Demographic information from Experiments 1 and 2

  Experiment 1
Experiment 2
  ASD TD ASD TD
Female subjects N = 1 N = 3 N = 1 N = 1
Male subjects N = 10 N = 8 N = 9 N = 9
Age M = 9 M = 8.5 M = 9 M = 9.1
  SD = 1.9 SD = 1.8 SD = 1.4 SD = 1.3
  Range 6–13 Range 6–12 Range 7–11 Range 7–11
Nonverbal IQ M = 86.4 M = 103.2 M = 85.7 M = 103.6
  SD = 12 SD = 9.8 SD = 12.5 SD = 8.4
  Range 71–112 Range 86–119 Range 71–112 Range 86–119

Apparatus

We used E-Prime 2 for running the experiment and for collecting data (Schneider et al. 2002). Data were collected via a laptop. Responses were collected using a standard optical mouse.

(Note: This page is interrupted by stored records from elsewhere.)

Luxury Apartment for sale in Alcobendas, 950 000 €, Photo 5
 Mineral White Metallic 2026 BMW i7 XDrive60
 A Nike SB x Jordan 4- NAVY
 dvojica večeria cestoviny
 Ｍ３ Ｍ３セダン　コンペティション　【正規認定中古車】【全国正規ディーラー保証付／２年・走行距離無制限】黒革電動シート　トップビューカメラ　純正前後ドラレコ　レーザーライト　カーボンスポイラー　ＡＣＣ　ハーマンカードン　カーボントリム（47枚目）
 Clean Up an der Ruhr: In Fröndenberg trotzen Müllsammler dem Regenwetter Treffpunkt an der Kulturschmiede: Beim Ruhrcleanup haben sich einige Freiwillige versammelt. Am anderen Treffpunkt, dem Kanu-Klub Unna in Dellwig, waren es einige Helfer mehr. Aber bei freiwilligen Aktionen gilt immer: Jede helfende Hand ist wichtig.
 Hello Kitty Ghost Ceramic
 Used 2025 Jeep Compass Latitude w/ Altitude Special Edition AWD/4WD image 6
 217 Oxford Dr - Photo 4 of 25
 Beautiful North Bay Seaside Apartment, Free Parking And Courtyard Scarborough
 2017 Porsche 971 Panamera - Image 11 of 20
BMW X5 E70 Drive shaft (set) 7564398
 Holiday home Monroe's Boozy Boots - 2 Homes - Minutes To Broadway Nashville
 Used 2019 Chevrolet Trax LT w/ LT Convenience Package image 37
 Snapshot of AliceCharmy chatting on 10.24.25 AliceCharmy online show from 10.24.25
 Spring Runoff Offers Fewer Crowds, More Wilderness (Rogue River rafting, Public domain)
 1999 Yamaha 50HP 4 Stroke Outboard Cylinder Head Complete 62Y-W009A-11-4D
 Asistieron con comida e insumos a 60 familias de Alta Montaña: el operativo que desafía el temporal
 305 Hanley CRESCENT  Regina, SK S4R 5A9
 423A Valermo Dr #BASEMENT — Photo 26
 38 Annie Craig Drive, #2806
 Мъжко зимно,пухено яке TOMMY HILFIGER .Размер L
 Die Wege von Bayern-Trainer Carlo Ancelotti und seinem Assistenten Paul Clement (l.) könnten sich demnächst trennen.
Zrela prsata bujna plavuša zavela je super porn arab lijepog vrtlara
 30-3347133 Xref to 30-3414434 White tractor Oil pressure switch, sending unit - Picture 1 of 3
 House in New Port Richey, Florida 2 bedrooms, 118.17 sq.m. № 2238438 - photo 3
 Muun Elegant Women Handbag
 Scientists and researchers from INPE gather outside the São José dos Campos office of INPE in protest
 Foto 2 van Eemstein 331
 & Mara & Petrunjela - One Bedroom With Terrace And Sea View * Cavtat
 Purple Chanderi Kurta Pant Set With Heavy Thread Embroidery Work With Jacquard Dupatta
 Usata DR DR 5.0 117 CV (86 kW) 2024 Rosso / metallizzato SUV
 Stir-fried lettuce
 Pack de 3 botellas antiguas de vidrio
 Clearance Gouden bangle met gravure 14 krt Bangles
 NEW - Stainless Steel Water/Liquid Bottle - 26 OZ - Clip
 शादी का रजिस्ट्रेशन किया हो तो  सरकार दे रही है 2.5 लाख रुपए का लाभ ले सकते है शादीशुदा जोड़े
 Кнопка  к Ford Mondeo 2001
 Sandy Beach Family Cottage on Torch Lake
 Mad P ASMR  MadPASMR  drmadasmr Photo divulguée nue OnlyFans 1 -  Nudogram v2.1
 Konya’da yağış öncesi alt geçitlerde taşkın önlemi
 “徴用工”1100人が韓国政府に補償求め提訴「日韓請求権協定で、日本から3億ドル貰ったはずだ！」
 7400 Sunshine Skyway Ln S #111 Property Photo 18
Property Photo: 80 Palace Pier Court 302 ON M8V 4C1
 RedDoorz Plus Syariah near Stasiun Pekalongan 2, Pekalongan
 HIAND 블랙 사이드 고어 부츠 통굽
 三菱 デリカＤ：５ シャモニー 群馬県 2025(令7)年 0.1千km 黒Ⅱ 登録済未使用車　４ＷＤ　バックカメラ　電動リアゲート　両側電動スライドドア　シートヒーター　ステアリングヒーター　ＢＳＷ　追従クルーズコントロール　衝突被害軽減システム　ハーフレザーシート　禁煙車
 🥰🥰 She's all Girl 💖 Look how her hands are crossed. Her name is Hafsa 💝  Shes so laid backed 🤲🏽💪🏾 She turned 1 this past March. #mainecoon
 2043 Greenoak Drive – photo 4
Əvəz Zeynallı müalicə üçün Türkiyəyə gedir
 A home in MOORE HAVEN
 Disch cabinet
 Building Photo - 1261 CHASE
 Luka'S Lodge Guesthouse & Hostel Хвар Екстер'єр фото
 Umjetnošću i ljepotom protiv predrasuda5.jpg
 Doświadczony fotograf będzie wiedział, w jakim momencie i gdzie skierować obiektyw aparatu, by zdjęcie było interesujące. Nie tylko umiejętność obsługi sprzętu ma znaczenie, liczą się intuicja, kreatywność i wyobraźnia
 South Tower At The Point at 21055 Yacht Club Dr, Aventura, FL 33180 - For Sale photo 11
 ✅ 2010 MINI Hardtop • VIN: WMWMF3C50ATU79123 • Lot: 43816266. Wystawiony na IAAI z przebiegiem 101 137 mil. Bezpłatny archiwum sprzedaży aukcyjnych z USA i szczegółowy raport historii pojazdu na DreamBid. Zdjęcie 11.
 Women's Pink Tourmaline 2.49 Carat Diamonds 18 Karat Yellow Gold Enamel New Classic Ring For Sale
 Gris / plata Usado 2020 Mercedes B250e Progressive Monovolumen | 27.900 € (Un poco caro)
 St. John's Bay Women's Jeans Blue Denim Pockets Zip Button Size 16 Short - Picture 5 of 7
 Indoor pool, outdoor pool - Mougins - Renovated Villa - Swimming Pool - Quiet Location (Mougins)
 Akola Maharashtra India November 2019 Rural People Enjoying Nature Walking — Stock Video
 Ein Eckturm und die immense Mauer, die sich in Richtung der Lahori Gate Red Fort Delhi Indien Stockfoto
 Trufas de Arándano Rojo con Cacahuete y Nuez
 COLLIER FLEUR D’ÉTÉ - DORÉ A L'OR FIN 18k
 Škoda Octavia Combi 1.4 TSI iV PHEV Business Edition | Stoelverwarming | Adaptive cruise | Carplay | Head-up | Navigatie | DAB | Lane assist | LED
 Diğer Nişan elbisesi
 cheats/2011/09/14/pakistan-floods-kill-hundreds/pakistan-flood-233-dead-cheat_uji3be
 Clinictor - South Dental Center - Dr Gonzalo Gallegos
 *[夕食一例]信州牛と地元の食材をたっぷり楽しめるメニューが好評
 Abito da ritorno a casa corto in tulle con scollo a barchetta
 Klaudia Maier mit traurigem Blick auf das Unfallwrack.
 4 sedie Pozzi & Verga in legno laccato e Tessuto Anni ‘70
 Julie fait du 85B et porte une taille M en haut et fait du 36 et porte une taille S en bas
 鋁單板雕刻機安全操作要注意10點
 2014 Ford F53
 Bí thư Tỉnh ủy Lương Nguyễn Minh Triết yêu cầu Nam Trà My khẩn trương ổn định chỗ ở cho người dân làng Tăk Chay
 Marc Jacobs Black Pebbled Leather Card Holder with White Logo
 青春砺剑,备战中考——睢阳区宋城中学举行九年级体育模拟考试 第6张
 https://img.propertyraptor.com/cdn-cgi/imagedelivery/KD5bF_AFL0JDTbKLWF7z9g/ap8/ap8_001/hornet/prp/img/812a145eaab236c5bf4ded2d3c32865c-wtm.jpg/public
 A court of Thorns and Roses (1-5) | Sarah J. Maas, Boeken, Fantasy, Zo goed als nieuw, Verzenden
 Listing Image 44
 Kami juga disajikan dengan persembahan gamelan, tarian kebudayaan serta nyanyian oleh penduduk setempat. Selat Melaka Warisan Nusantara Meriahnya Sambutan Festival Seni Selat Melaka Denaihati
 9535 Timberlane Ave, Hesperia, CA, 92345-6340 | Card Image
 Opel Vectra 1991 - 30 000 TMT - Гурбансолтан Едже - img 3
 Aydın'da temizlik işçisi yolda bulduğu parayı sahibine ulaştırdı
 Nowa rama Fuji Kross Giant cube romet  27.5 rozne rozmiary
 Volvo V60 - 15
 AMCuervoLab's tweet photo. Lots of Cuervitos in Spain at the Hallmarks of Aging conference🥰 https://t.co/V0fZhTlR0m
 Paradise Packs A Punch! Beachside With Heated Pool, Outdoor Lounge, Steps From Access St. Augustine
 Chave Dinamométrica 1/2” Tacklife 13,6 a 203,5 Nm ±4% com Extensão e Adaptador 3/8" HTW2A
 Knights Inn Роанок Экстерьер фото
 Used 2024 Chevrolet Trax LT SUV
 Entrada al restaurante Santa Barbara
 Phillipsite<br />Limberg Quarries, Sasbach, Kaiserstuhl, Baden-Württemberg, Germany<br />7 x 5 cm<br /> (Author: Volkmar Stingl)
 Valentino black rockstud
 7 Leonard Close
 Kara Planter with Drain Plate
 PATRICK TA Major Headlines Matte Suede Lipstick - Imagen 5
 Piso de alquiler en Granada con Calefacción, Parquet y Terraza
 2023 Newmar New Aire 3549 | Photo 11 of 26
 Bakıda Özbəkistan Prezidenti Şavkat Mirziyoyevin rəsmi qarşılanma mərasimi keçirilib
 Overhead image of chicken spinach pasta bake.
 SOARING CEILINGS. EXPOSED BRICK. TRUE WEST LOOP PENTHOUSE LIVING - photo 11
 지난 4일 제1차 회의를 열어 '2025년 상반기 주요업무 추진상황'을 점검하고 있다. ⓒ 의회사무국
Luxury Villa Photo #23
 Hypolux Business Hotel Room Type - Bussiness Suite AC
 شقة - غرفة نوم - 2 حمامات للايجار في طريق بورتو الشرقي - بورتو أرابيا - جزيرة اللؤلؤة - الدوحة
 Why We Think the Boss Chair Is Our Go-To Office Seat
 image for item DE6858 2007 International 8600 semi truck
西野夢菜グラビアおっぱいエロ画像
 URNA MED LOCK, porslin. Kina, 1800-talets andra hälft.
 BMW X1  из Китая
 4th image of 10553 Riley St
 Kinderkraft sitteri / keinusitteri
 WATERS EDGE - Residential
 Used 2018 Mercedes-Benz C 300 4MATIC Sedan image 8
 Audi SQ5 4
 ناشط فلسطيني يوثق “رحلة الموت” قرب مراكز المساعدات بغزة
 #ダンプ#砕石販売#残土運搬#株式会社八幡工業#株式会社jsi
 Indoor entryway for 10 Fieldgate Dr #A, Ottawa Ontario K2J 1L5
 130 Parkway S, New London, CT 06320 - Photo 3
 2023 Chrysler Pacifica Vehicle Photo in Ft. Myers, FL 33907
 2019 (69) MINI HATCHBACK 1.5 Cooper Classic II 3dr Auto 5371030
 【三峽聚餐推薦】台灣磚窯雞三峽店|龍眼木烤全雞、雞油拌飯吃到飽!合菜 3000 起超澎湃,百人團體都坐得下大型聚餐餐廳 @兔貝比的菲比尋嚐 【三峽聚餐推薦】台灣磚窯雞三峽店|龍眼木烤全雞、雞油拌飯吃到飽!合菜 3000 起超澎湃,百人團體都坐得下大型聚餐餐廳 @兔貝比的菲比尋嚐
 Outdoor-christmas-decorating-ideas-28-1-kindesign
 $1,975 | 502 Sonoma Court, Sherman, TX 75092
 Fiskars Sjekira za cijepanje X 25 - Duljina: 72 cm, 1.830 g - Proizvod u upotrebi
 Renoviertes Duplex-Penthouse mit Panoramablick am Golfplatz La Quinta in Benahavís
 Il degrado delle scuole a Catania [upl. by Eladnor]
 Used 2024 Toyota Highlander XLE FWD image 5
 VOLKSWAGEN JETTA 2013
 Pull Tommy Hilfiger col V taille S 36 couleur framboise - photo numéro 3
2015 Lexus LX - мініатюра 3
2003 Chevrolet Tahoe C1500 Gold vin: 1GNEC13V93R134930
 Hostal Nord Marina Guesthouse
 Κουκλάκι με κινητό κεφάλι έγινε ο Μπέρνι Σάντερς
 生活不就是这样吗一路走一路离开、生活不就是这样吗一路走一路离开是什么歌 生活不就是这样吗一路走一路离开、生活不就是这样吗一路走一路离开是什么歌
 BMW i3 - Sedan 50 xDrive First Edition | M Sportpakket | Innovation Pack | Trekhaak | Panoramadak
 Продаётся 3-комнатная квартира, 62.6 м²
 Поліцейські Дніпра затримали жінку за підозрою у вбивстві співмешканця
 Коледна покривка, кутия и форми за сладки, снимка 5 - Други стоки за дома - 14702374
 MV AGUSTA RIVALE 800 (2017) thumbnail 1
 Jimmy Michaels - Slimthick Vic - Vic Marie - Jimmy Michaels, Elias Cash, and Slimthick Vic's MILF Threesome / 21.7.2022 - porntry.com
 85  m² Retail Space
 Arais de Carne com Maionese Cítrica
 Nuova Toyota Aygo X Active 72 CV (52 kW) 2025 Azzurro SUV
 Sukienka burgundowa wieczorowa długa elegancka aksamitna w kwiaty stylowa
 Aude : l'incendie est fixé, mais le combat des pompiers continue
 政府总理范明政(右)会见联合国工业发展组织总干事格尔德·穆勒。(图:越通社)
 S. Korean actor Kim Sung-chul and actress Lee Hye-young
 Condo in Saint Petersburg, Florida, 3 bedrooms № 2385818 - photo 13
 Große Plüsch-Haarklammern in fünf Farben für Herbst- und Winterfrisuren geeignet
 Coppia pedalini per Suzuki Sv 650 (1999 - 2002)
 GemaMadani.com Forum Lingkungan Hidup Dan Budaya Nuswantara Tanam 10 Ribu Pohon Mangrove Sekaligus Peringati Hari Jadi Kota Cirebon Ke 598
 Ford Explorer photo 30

Children responded by pressing right mouse button and left mouse button with the right index-figure and the right middle-figure, respectively.

Procedure

In a binary choice response task, participants had to chase a carrot with a donkey character moving repeatedly from the bottom to the top of the screen in a zigzag left-to-right course until it would be caught at a fence in the upper border of the screen (Figure 1). Participants had to press the left mouse button in order to make the donkey follow the carrot’s leftward movement and had to press the right mouse button in order to make the donkey follow the carrot’s rightward movement. After the mouse click, the donkey immediately jumped on the carrot. After a short (800 ms) or long (1400 ms) response stimulus interval (i.e. from mouse click to next carrot movement), the carrot jumped away again. This response-stimulus interval corresponded to the foreperiod in this task. For half of the participants, the short foreperiod predicted a leftward movement of the carrot and the long foreperiod predicted a rightward movement, with 80% validity. For the other half, this relation was inverted. An error message was displayed after participants pressed the wrong key and the game was paused for 3 s (see Kunchulia et al. 2017, Kunchulia and Thomaschke 2016, Szameitat et al. 2009; Thomaschke et al. 2015). Each participant completed 150 trials.

Figure 1.

Figure 1

Schematic illustration of the layout of the choice response task. The donkey starts chasing the carrot at the bottom of the screen and ‘captures’ it at the fence

The preparedness for an event (i.e. carrot’s movement direction) at a fore period was a measure of expectancy. If participants formed time-based expectancies they would respond faster and more accurately to frequent combinations of fore period and direction than to infrequent combinations.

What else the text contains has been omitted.